When you reach the line containing "2野生老树果45mm四座楼狮子头红皮压手圆润汉高楼平谷文把玩核桃" in the records below, start copying exactly, and stop once you have copied the line containing "RFK ROCKS THE".

→ **Input material**:

-------------------------

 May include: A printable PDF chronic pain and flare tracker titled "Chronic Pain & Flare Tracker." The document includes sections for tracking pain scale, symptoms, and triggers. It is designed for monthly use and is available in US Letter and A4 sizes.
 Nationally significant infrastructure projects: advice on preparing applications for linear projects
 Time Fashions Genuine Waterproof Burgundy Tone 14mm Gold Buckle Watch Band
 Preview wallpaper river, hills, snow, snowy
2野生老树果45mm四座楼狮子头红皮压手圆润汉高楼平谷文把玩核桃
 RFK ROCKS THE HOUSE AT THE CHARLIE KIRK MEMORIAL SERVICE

-------------------------

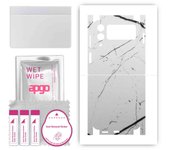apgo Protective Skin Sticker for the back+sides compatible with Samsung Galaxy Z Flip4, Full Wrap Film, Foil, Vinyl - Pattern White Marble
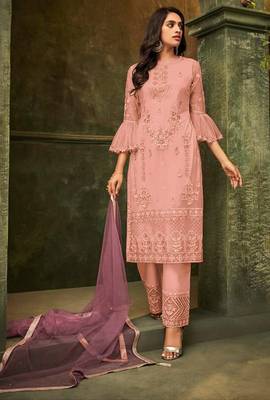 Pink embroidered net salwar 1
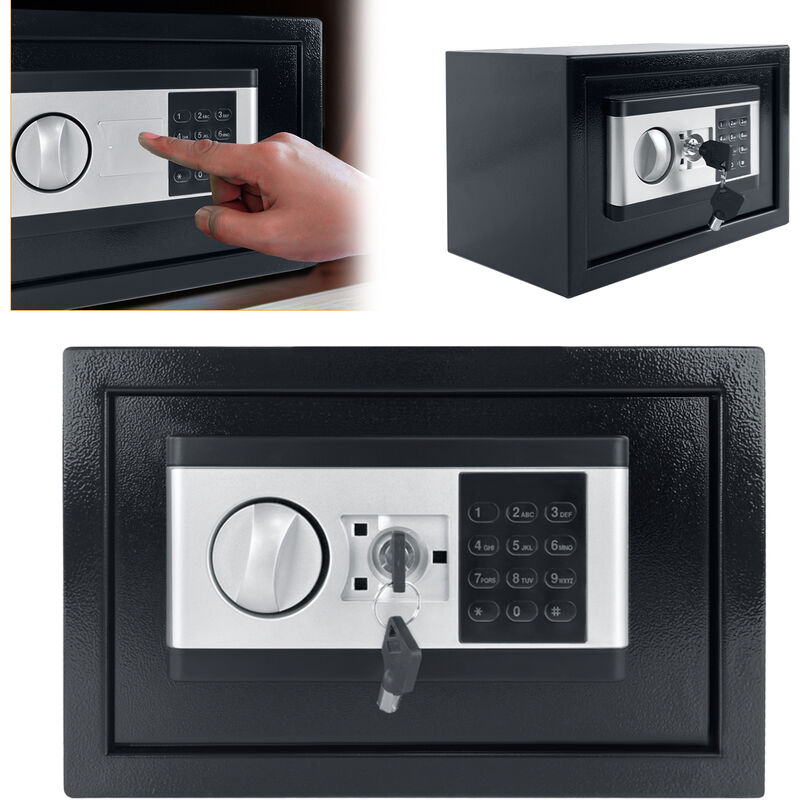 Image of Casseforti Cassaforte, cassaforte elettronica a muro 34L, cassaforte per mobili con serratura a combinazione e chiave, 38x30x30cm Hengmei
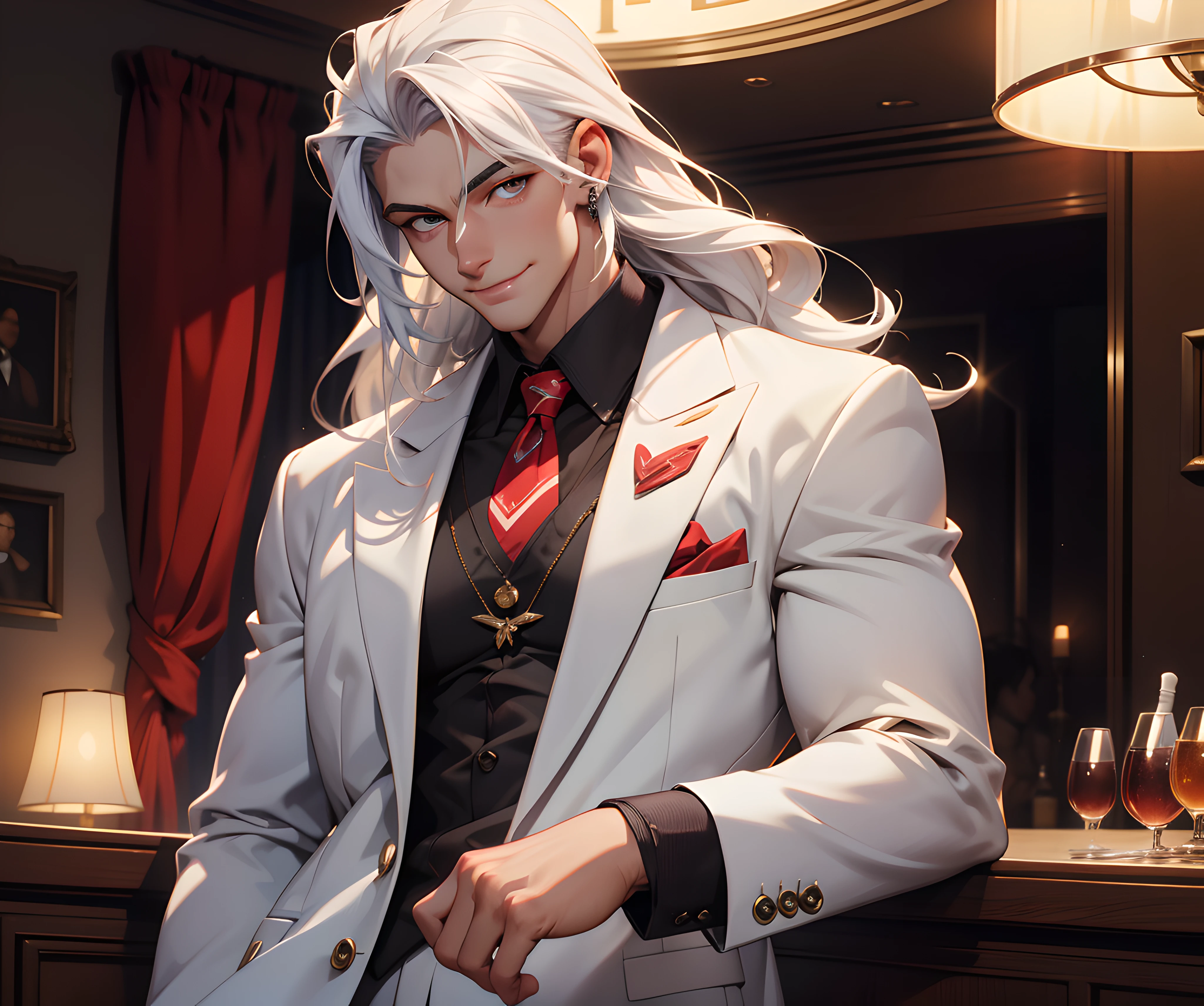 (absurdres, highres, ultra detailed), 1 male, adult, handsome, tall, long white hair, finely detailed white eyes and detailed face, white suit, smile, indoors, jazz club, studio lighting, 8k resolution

-------------------------

→ **Answer below**:
2野生老树果45mm四座楼狮子头红皮压手圆润汉高楼平谷文把玩核桃
 RFK ROCKS THE HOUSE AT THE CHARLIE KIRK MEMORIAL SERVICE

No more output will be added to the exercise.